Well, that's a testable hypothesis, but how? Well, Mahmood had an original
question: when she was doing fieldwork with Coptic Christians in Egypt, she
was wondering why it was not cast in terms of minority rights. In Egypt;
Nasser, Sadat, and Mubarak all were proponents of secularism yet questions of
Copts and Muslims were considered attacks to nationalist unity. Well, is that
a violation of the purity of secularism, or is it that secularism isn't quite
what it seemed? We can look at Turkey and secularism as well - They are
secular under the French consideration of Laïcité (Laiklik in Turkish) and yet
they had a ministry in the government that certified Imams and provided for
the upkeep of the mosques.

So they're not Secularist. But then, what of France, which may be considered
one of the most strict adherents. but even then, schools follow the Christian
liturgical year, including breaks for Christmas and Easter.
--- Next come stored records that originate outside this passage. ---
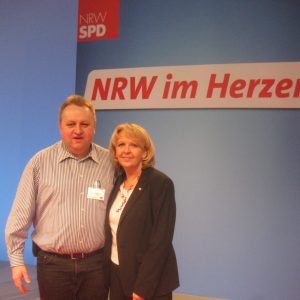 Hannelore Kraft mit Torsten Kuhlmann dem Sprecher der Mandatsprüfungs- und Zählkommission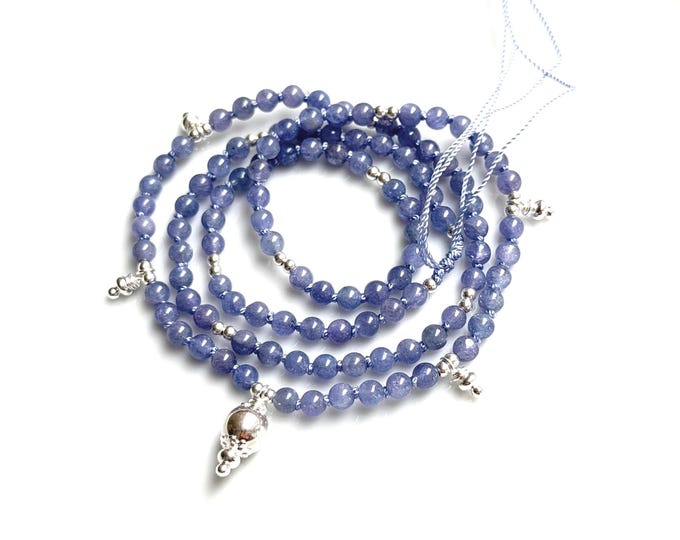 Short, delicate mala made of tanzanite with sterling silver 925, prayer beads made of 108 healing stones, yoga jewelry, meditation necklace "Transformation"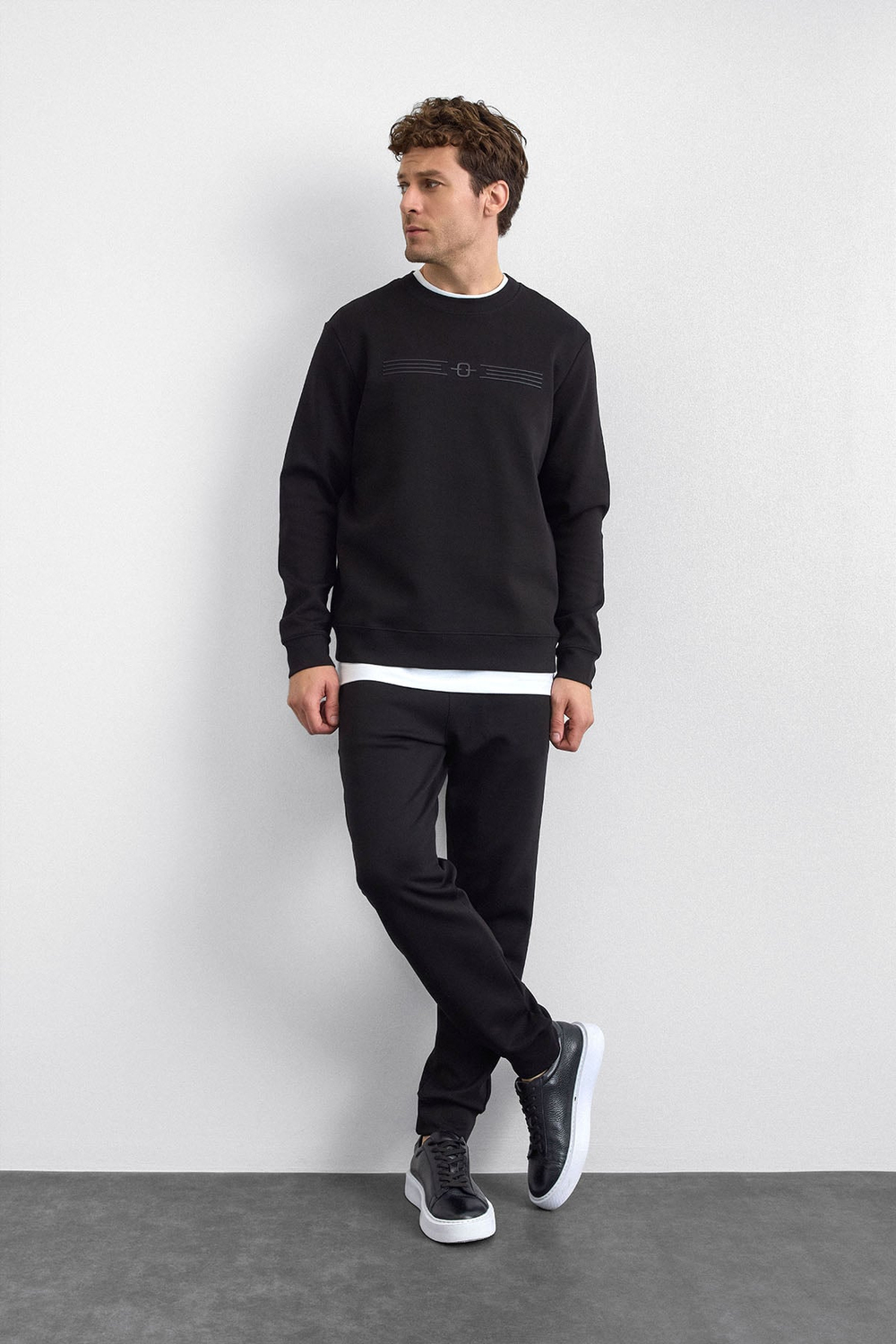 Siyah Regular Fit Bisiklet Yaka Sweatshirt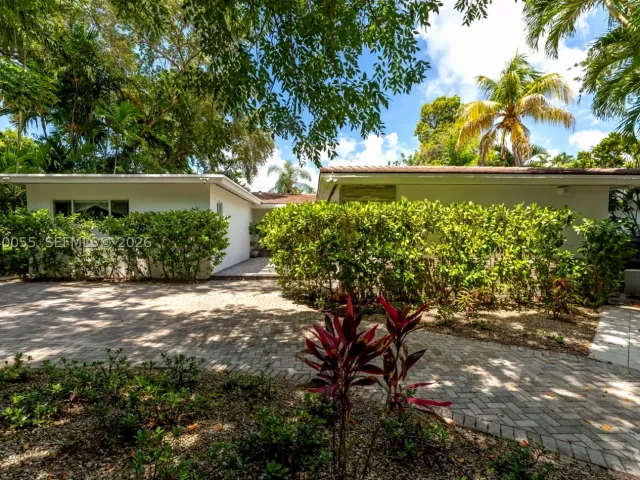 5-bedroom home for sale in Miami - 8 Pinta Rd - MondialRealty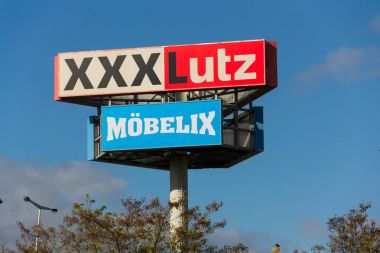 Xxxlutz Mobelix şirket logosu süpermarket bina 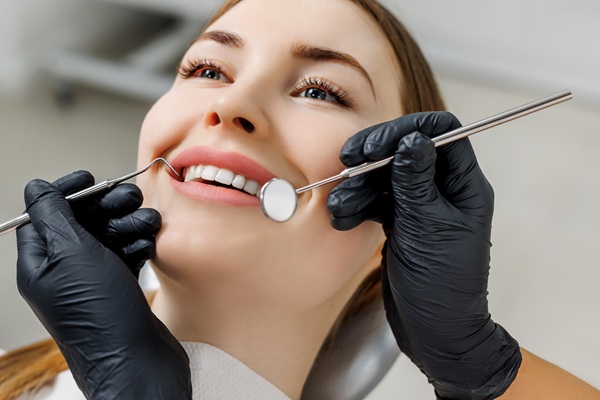 Teeth Whitening: In Office Vs  At Home—Which Gives Better Results?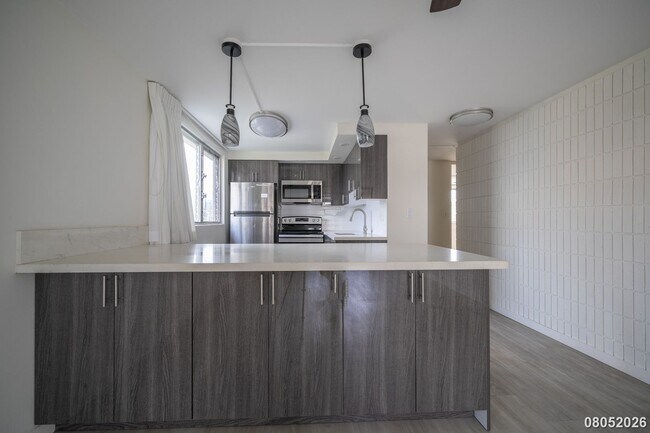 Foto del edificio - $2500.00 | 2br/1ba Condominium in Lakeview Sands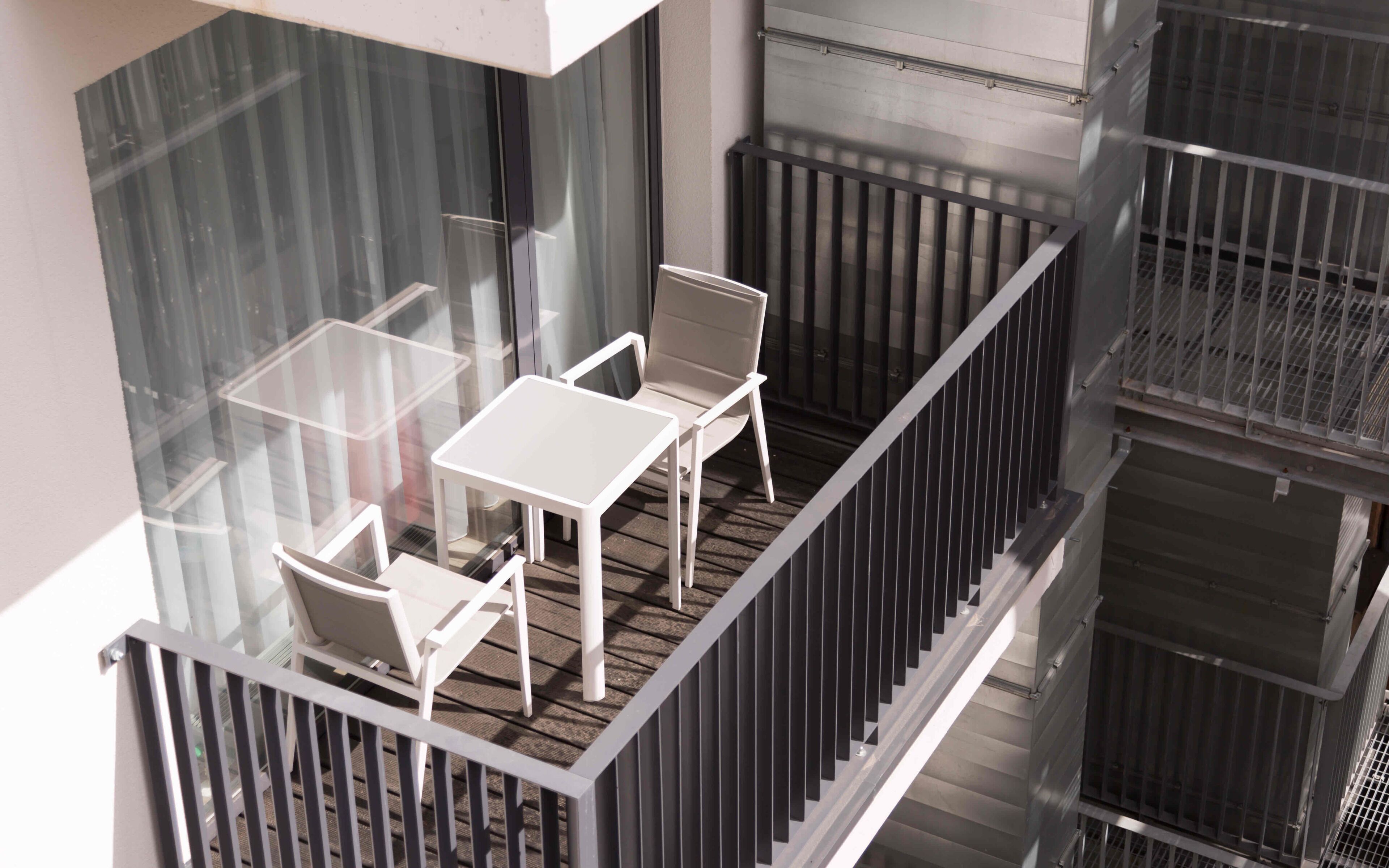 studio, balcony | terrace/patio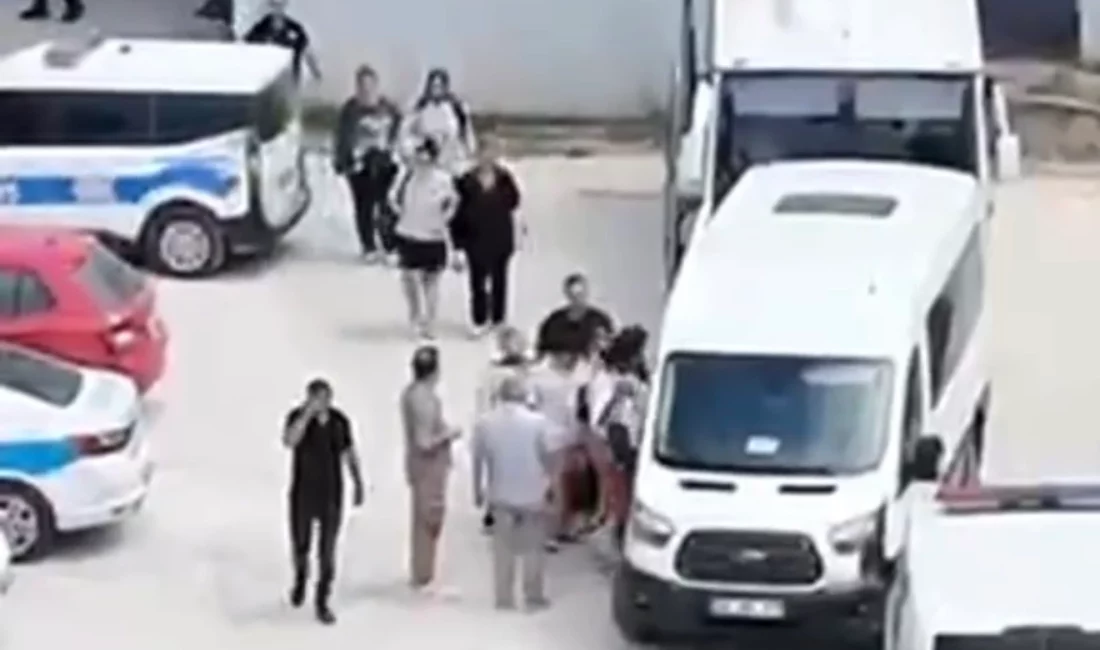 Düzce’nin Akçakoca ilçesinde, vatandaşları telefonla arayarak kendilerini müşteri hizmetleri personeli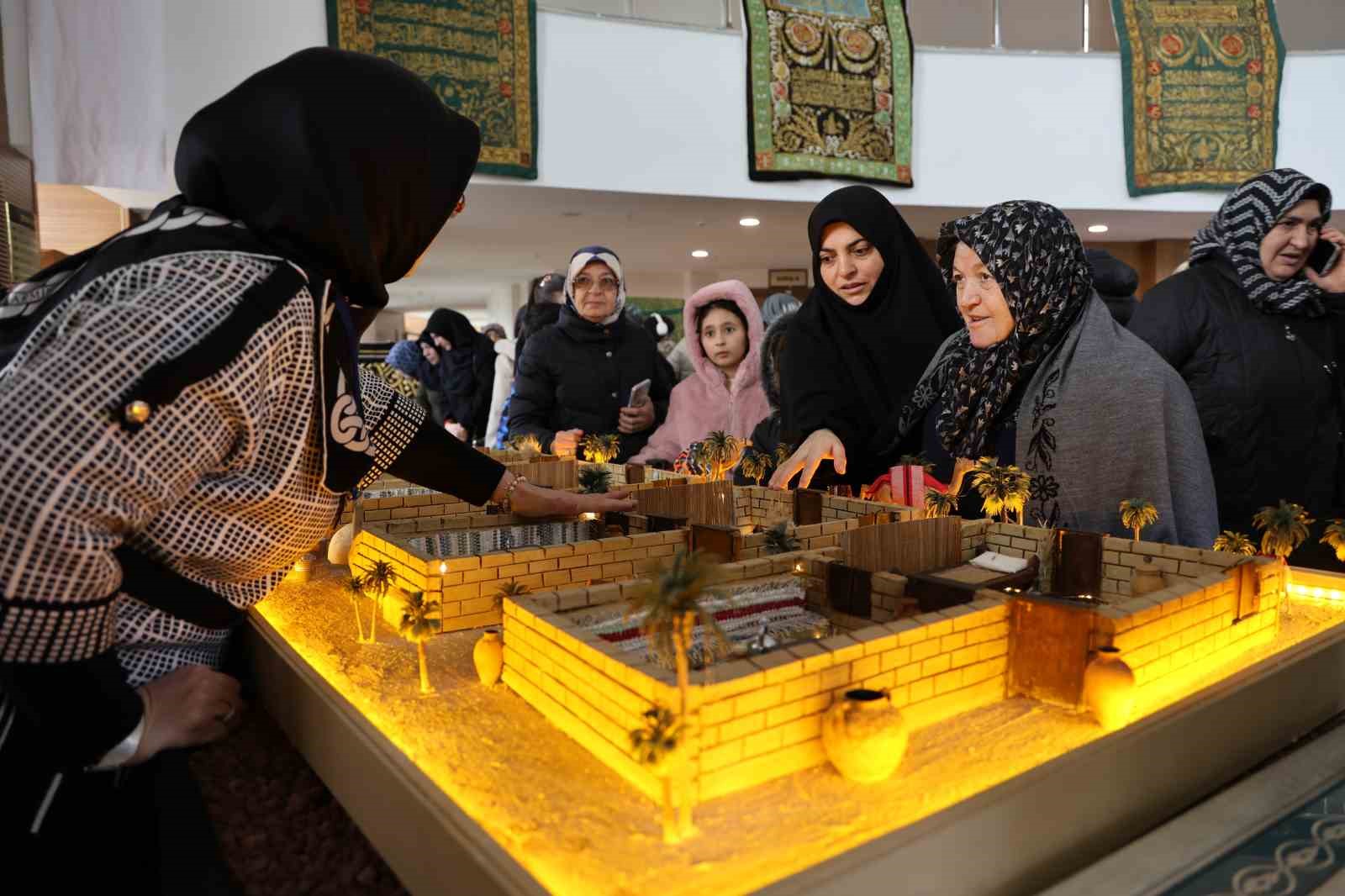 Sivas&rsquo;ta Mukaddes Emanetler Sergisi&rsquo;nde uzun kuyruklar oluştu
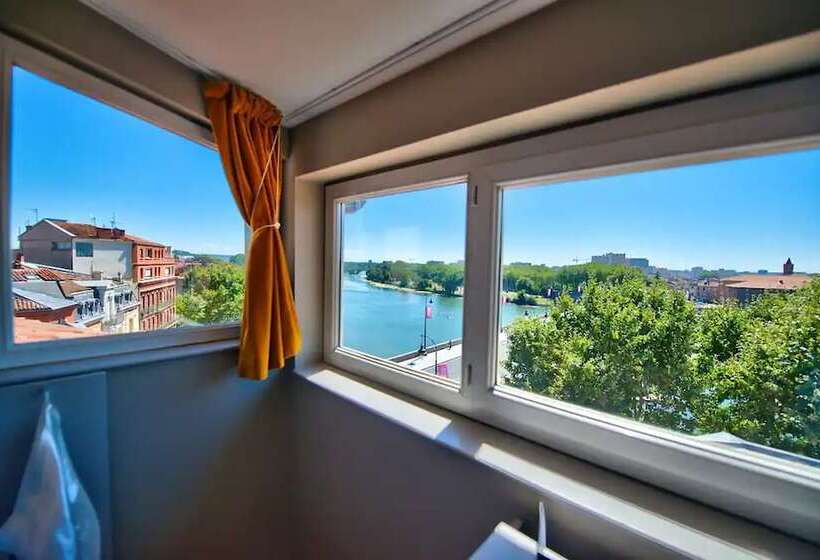 اتاق استاندارد, Hôtel Des Beaux Arts Toulouse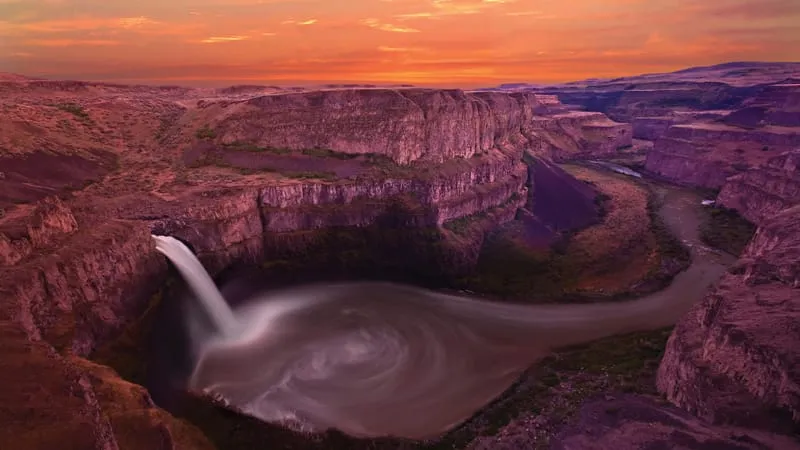 Palouse Falls Waterfall Theme Preview Image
Yet the government
owns most old church buildings in France and pays for its maintenance, and
there are clear governmental preferences of Christianity over Islam.

And how about the United states, where it opens with a prayer, most often by a
Christian?

So, then, we have a lot of data, but it is data that is talking about the
definition of a word. Who cares about a definition? Well, that definition
tells us a lot about the cultures of the US, France, Turkey, and Egypt (among
others - see India) but it's not exactly a testable hypothesis. It's closer to
what a philosopher does than a Sociologist. ____

But even then, what if it was "just story telling?" Anthropologists have
helped to elucidate cultures not our own and referencing what makes them
common and different. I argue that that is inherently valuable.